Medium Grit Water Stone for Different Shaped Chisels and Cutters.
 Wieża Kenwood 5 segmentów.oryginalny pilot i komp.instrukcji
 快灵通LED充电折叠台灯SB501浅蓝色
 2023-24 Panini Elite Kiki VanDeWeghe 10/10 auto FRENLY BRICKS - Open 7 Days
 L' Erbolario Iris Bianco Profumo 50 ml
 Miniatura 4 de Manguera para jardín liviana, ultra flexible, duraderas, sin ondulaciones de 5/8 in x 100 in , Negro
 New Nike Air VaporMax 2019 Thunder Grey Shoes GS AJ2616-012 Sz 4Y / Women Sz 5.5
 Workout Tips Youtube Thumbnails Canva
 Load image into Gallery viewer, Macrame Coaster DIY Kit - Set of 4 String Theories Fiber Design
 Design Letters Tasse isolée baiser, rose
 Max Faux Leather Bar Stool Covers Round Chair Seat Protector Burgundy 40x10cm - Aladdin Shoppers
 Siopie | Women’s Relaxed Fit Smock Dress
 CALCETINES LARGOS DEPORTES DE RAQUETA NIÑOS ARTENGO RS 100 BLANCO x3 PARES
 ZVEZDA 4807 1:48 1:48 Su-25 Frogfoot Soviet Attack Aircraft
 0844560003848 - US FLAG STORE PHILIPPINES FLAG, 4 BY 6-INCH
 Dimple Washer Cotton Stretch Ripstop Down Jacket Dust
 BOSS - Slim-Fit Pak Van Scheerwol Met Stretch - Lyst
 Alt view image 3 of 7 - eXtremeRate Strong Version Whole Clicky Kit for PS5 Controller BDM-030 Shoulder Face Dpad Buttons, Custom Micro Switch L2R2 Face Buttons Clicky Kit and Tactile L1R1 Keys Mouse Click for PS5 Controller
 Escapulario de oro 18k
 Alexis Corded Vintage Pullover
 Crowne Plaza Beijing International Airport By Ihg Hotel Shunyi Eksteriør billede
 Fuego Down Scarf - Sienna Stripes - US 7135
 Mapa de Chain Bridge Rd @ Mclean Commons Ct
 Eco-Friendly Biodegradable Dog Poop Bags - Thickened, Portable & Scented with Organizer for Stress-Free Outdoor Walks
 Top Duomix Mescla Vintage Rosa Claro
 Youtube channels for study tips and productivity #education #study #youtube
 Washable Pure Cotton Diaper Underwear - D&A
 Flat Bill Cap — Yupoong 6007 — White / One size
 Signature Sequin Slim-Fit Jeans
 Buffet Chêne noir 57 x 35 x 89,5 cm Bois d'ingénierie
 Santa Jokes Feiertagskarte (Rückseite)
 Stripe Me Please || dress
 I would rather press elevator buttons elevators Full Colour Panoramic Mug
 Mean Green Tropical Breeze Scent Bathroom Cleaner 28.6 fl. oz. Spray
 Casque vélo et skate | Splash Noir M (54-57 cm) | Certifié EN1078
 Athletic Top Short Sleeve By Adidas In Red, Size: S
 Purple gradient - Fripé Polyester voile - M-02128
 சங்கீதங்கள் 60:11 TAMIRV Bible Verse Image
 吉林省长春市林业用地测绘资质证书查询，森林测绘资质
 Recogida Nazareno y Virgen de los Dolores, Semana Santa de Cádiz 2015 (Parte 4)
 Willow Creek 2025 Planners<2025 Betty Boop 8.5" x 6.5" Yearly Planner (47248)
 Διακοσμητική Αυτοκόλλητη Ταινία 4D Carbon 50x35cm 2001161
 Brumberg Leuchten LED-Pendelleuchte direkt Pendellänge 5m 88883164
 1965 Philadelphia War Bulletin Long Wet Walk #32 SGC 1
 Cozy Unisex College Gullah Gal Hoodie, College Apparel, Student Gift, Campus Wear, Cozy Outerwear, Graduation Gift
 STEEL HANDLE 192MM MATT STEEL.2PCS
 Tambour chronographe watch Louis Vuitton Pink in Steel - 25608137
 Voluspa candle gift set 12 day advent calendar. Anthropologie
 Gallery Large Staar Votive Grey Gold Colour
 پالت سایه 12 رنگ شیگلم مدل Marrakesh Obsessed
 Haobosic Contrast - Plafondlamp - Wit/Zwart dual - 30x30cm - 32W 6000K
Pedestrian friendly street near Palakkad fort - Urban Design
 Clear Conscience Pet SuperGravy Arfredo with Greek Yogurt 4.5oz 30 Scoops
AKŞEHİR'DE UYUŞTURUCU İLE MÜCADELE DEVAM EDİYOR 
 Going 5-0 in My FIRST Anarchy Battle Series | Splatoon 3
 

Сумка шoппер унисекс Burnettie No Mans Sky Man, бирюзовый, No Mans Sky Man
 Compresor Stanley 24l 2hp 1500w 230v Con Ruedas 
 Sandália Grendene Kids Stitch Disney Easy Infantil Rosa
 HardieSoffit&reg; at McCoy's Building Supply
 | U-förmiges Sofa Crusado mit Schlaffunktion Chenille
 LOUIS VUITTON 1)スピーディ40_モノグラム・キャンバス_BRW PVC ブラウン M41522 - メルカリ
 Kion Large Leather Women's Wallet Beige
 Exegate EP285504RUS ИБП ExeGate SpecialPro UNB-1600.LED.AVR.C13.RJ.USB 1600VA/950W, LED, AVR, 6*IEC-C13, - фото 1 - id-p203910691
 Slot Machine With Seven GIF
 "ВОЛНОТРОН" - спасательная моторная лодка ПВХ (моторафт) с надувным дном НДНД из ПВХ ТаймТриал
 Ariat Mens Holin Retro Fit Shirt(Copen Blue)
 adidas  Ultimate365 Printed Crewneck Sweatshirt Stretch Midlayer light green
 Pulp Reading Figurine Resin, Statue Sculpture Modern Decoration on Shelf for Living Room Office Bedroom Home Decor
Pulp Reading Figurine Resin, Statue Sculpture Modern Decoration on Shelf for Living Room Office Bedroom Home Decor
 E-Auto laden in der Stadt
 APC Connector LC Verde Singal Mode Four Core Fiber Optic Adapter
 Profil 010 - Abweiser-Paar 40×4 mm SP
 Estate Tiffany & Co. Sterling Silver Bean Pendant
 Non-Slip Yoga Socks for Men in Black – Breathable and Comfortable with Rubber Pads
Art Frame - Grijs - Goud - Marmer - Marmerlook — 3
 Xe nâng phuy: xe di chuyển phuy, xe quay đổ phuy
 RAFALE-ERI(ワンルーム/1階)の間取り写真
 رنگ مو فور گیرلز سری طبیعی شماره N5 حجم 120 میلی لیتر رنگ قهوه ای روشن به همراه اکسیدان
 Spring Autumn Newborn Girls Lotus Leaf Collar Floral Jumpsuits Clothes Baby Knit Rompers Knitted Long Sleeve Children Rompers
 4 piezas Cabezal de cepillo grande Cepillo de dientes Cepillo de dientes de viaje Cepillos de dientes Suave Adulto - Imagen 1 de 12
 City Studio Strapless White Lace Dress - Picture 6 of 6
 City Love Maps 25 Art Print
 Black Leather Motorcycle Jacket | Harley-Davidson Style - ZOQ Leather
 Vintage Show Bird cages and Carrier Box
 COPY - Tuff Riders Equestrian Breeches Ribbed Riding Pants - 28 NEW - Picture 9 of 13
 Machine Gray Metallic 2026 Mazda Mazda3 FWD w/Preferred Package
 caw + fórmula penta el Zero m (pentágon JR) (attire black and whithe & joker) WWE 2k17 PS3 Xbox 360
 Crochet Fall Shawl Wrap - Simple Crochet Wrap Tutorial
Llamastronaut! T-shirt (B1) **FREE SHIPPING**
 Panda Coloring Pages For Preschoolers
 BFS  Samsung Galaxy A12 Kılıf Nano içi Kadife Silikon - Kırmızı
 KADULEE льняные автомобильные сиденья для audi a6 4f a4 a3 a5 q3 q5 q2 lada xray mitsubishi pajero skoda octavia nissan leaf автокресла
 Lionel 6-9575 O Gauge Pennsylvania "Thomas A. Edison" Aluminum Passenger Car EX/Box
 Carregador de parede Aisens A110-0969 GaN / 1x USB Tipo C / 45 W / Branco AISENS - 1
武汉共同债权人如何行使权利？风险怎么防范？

________________________

*Required work*:
Using the entries above, extract exactly the span from the line with "CALCETINES LARGOS DEPORTES" to the line with "1965 Philadelphia War", both lines included; leave out everything else.

*Answer space*:
 CALCETINES LARGOS DEPORTES DE RAQUETA NIÑOS ARTENGO RS 100 BLANCO x3 PARES
 ZVEZDA 4807 1:48 1:48 Su-25 Frogfoot Soviet Attack Aircraft
 0844560003848 - US FLAG STORE PHILIPPINES FLAG, 4 BY 6-INCH
 Dimple Washer Cotton Stretch Ripstop Down Jacket Dust
 BOSS - Slim-Fit Pak Van Scheerwol Met Stretch - Lyst
 Alt view image 3 of 7 - eXtremeRate Strong Version Whole Clicky Kit for PS5 Controller BDM-030 Shoulder Face Dpad Buttons, Custom Micro Switch L2R2 Face Buttons Clicky Kit and Tactile L1R1 Keys Mouse Click for PS5 Controller
 Escapulario de oro 18k
 Alexis Corded Vintage Pullover
 Crowne Plaza Beijing International Airport By Ihg Hotel Shunyi Eksteriør billede
 Fuego Down Scarf - Sienna Stripes - US 7135
 Mapa de Chain Bridge Rd @ Mclean Commons Ct
 Eco-Friendly Biodegradable Dog Poop Bags - Thickened, Portable & Scented with Organizer for Stress-Free Outdoor Walks
 Top Duomix Mescla Vintage Rosa Claro
 Youtube channels for study tips and productivity #education #study #youtube
 Washable Pure Cotton Diaper Underwear - D&A
 Flat Bill Cap — Yupoong 6007 — White / One size
 Signature Sequin Slim-Fit Jeans
 Buffet Chêne noir 57 x 35 x 89,5 cm Bois d'ingénierie
 Santa Jokes Feiertagskarte (Rückseite)
 Stripe Me Please || dress
 I would rather press elevator buttons elevators Full Colour Panoramic Mug
 Mean Green Tropical Breeze Scent Bathroom Cleaner 28.6 fl. oz. Spray
 Casque vélo et skate | Splash Noir M (54-57 cm) | Certifié EN1078
 Athletic Top Short Sleeve By Adidas In Red, Size: S
 Purple gradient - Fripé Polyester voile - M-02128
 சங்கீதங்கள் 60:11 TAMIRV Bible Verse Image
 吉林省长春市林业用地测绘资质证书查询，森林测绘资质
 Recogida Nazareno y Virgen de los Dolores, Semana Santa de Cádiz 2015 (Parte 4)
 Willow Creek 2025 Planners<2025 Betty Boop 8.5" x 6.5" Yearly Planner (47248)
 Διακοσμητική Αυτοκόλλητη Ταινία 4D Carbon 50x35cm 2001161
 Brumberg Leuchten LED-Pendelleuchte direkt Pendellänge 5m 88883164
 1965 Philadelphia War Bulletin Long Wet Walk #32 SGC 1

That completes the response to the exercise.